Leslie Sabo Jr. returned to his spot defending his corner of the battlefield. “Sabo was able to clear the landing zone, but the 22-year-old soldier paid for that real estate in his own blood,” writes Poole. “For hours, after almost single-handedly preventing the North Vietnamese from wiping out dozens of American soldiers, Sabo was vulnerable while he reloaded. And when the enemy soldiers were able to poke their heads – and their weapons – back into the open, they took advantage of that opportunity. After Sabo stopped shooting, the enemy fired on him, in full view of Koziol, then en route to a field hospital. ‘I saw him when he dropped his rifle, dropped to his knees and fell face first into the dust.’”

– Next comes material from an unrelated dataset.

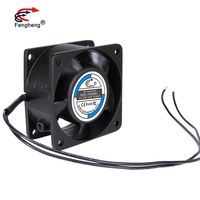 220V 110V AC 60X60X25MM 60X60X38MM Fengheng AC EC Moteur Brushless Ventilateur De Refroidissement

It is possible Sabo did not die when Koziol saw him fall. Some time after, a loud explosion was heard. “Throughout most of the afternoon and evening, Sabo had performed one heroic act after another to hold off the North Vietnamese advances,” according to Poole. “The explosion might have been Sabo’s final blow against the enemy. If a wounded Sabo, unable to throw a grenade any significant distance, were able to drag himself toward the enemy position, he would have pulled the pin and let the device ‘cook off’ . . . before dropping it into the bunker. The resulting explosion would not only have killed the enemy, but also Sabo.” Poole believes it might explain why Sabo’s body came home in a bag labeled “Remains Unfit For Viewing.”

The next day, after the battlefield was cleared, they found Sabo’s body. Sabo and the others were placed in bags and loaded on a helicopter. “As [Rick] Brown and [Mike ‘Tex’] Bowman lifted the man whose sacrifice saved so many lives, Sabo’s body broke in half – in death, his body was beyond wounded, it was irretrievably damaged.”

News of Sabo’s death devastated his wife and the rest of his family. “I couldn’t have asked for anyone better,” said his widow Rose. “I just wish I could have had children with him.”

Despite his heroic actions and the issuance of several medals to the members of Bravo Company, there was no medal for Sabo. From a hospital bed, George Koziol wrote a short report he hoped would lead to a Medal of Honor for Sabo. “That piece of paper, which landed on [Bravo Company leader Captain Jim] Waybright’s desk, would have been personally momentous to Sabo’s family and comrades,” writes Poole. “It was the likely reason the Army was sparse with details regarding Sabo’s death, and, when U.S. Defense Department officials never completed that investigation, the reason why people who knew him best in peacetime were deprived of the true stories about his heroism.”

More than 40 years would pass before that investigation into Sabo’s actions was completed, prompted by the work of Alton Mabb Jr., a columnist for Screaming Eagle magazine, which publishes articles about the 101st Airborne Division. He found a thick file on Sabo while conducting research in the National Archives at the University of Maryland. Mabb enlisted the help of Rep. Corrine Brown and the surviving members of the Mother’s Day Ambush. Although George Koziol helped in the effort, he and Leslie Sabo’s parents did not live to see Sabo awarded the Medal of Honor.

Finally, on May 16, 2012, President Barack Obama awarded Leslie Sabo Jr. the Medal of Honor posthumously in a ceremony attended by Rose Sabo Brown and the surviving members of Bravo Company who had fought alongside Sabo more than 42 years before. Addressing the audience, Obama said, “Today is a solemn reminder that when an American does not come home from war, it is our military families and veterans who bear those sacrifices for a lifetime.”